One way to improve employee morale and company culture is to teach soft skills and “develop recognition programs that promote leaders,” Hungerford says. “I remember how many chefs I worked with that never cared about the ‘feelings’ part of it all, you just do your job. But now we’ve got to care about ‘the feelings.’ We need to show people that they are valued.”

From a design standpoint, this translates to creating a more comfortable work environment for chefs, cooks and others moving and out of a kitchen. It’s about hot, loud, chaotic kitchens and foodservice spaces not being the norm. Ergonomics also play a major role in improving workspaces.

Collaboration and Being Heard

One of Hungerford’s main goals is to bridge the gap between college/university administration and the foodservice teams. “We don’t just work with designers and architects, but with everyone on a team,” she says. That includes everyone in and supporting a kitchen, from prep cooks to dishwashers.

Dining directors often have to “report up to an entity that might not understand foodservice and think it’s all about just switching on the lights and making some food,” Hungerford says. It’s her job to “shine a light on everything that goes into the operation.”

A key step in this process includes staying connected with chefs, managers and all the workers in an operation. For an example as to how this works, Hunterford recalls a major renovation project at UC Riverside that she worked on with Webb when she was on the operations side. “At one point we had 20 working groups that we put together to plan for the design of the space and ensure everyone’s ideas were incorporated, and that we were designing through an operational lens to ensure an effective and efficient operation to both take care of our guest and take care of our team by setting them up for success,” she says.

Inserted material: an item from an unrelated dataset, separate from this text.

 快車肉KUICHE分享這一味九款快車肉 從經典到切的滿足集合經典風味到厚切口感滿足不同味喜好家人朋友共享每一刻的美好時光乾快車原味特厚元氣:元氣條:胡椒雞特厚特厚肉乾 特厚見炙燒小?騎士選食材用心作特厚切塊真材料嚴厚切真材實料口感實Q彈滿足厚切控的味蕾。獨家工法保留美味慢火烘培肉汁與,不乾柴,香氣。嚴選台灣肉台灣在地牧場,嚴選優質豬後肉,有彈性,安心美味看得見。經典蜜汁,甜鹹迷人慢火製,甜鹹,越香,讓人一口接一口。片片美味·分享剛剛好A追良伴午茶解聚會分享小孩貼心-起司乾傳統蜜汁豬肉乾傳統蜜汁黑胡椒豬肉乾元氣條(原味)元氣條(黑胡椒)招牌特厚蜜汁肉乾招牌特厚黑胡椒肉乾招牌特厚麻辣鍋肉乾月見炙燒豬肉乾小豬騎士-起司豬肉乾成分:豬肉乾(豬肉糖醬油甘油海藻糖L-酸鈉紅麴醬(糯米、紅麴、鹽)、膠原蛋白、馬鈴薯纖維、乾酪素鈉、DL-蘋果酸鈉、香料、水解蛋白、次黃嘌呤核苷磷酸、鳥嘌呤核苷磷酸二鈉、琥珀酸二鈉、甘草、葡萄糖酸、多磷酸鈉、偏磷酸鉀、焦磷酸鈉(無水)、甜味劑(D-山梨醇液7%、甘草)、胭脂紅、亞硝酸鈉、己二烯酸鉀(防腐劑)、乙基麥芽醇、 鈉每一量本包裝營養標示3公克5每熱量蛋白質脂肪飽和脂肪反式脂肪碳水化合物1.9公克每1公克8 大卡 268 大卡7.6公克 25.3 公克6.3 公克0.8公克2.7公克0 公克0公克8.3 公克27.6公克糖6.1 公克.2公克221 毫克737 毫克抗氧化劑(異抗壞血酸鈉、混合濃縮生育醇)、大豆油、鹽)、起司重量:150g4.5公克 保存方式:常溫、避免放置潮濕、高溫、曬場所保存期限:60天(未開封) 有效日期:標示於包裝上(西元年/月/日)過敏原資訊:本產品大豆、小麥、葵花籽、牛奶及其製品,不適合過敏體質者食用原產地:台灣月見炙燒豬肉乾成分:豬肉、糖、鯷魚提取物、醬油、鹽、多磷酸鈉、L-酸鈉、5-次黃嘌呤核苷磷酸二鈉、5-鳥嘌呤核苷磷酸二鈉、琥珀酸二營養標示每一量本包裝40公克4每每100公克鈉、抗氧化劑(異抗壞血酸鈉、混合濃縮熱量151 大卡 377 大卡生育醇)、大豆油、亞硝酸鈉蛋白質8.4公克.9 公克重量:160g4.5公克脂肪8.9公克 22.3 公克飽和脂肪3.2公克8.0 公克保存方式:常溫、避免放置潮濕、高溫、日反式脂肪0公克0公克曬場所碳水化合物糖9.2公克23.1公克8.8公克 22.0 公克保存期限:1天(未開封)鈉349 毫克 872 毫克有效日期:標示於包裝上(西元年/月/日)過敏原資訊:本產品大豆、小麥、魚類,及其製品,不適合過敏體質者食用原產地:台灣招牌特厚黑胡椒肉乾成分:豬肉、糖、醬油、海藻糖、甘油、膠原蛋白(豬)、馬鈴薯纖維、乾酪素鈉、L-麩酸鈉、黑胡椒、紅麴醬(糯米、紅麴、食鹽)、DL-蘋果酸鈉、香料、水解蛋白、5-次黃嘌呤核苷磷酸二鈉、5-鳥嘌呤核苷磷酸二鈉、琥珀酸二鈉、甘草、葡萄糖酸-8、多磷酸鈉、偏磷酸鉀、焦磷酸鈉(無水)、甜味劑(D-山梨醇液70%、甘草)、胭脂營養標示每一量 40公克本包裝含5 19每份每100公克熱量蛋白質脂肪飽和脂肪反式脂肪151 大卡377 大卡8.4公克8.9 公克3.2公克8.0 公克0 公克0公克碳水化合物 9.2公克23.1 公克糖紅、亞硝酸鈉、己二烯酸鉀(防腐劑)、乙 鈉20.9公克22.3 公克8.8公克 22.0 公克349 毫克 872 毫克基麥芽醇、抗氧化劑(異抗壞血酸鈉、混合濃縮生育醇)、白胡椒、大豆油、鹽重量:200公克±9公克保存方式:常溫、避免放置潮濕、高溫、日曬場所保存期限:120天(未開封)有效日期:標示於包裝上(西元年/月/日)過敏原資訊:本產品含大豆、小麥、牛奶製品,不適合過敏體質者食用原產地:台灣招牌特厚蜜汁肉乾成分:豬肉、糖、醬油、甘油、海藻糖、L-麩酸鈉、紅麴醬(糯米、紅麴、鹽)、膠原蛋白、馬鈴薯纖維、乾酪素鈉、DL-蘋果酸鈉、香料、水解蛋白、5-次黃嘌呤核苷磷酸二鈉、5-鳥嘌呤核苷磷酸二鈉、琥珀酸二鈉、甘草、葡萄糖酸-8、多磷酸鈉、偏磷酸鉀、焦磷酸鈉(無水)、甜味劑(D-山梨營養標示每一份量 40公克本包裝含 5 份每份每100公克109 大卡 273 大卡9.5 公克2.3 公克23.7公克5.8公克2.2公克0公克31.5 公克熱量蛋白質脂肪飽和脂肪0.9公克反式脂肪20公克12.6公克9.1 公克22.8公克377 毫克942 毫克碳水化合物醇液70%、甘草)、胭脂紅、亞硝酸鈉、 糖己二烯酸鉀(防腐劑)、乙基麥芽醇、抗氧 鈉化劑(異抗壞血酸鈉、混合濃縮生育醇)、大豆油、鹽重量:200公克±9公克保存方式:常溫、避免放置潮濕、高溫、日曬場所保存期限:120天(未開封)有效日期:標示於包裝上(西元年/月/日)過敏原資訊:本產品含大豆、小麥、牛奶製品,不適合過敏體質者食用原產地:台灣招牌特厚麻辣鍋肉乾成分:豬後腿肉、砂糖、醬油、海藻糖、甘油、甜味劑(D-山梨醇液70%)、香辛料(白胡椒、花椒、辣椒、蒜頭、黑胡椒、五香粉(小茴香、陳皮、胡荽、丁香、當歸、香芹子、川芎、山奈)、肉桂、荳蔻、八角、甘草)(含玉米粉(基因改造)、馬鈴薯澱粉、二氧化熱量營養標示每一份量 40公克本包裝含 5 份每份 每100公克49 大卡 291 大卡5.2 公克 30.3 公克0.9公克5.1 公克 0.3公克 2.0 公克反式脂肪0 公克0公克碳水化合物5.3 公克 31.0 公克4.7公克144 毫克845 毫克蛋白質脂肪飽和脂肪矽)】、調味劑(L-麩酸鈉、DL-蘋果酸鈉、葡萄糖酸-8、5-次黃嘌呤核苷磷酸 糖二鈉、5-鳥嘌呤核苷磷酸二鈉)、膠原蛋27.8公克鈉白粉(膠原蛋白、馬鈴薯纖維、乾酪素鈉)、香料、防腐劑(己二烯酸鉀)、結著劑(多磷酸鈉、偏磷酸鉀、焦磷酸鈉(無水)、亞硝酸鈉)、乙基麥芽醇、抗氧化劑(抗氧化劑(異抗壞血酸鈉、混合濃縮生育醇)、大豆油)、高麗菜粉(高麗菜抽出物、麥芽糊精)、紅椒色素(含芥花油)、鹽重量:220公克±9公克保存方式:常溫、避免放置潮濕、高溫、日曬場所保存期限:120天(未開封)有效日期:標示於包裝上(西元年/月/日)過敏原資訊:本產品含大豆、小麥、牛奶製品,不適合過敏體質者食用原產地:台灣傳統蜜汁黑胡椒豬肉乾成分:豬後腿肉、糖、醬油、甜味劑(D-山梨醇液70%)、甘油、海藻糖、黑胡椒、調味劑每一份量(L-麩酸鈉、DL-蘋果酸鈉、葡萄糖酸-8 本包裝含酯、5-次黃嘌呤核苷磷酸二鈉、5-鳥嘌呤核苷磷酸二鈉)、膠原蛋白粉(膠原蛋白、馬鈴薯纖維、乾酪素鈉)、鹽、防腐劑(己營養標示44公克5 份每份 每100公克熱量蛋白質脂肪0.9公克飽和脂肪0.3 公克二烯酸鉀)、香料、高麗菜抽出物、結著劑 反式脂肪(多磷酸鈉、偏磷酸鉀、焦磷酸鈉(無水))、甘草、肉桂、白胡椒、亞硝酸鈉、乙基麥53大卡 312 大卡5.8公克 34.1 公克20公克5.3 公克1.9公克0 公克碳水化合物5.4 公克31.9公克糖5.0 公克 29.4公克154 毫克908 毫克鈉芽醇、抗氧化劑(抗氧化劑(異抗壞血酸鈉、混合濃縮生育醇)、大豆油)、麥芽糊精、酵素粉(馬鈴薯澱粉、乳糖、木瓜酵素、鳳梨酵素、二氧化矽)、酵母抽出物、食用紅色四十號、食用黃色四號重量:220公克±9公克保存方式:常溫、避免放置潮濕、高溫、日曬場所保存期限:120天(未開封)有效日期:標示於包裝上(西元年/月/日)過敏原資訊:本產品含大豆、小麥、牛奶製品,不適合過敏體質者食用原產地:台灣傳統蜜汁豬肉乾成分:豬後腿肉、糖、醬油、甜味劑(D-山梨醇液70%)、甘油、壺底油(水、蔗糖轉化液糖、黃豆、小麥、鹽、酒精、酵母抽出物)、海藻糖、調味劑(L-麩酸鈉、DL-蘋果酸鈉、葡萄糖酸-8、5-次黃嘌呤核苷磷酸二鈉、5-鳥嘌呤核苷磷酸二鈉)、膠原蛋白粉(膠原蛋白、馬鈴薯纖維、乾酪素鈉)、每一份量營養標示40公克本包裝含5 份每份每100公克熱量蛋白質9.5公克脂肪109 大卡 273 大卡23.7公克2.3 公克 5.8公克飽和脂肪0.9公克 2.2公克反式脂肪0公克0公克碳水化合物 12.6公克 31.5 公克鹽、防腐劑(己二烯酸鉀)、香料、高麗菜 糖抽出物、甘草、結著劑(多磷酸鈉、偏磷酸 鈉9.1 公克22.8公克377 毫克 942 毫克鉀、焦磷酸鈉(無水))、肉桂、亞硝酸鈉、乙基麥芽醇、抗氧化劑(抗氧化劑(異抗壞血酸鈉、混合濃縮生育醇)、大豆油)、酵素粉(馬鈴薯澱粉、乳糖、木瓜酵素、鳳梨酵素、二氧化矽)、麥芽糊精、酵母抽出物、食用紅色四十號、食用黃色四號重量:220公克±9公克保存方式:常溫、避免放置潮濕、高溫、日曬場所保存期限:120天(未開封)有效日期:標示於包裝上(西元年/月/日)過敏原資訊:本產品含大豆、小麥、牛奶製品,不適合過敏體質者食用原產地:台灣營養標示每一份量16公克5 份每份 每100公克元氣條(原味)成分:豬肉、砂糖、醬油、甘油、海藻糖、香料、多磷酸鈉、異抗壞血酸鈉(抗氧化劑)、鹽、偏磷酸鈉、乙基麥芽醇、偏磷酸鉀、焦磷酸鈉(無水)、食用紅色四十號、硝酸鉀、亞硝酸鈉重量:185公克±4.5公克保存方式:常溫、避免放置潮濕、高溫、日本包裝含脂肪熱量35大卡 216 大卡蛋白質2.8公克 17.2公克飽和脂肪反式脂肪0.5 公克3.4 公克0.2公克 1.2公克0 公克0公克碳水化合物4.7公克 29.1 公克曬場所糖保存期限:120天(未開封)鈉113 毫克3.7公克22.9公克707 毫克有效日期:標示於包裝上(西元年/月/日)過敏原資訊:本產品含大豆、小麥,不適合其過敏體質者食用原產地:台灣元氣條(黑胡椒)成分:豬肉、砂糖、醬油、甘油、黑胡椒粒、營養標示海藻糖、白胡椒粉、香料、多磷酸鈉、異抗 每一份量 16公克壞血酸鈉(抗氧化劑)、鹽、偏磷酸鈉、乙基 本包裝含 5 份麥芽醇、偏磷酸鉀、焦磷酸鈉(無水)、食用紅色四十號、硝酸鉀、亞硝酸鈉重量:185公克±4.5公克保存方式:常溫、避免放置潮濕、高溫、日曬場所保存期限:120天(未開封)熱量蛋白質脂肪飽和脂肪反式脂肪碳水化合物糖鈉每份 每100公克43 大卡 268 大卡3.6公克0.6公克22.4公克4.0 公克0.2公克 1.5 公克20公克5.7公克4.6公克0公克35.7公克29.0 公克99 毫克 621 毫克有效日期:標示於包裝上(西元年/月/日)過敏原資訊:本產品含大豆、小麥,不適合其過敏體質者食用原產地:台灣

Recognizing Tomorrow’s Generation

A huge part of the planning process — at least in higher education — is considering the needs of both Gen Z and Gen Alpha, the up-and-coming generation. “We need to understand our audience; how they’re evolving to become more sophisticated in their food preferences,” Hungerford says. “We’re raising a future generation who has an experience with food that is so different than past generations. College students of today and tomorrow are so much more engaged in food and have a much stronger global interest than ever before.”

This makes menu planning fun, Hungerford notes, but it also has to be realistic and easily executed — often with less labor and to not overwork staff. In operational terms, that might mean not necessarily introducing more menu choices but keeping things rotating with “monotony breakers” and streamlining to “decrease quantity to instead focus on quality.”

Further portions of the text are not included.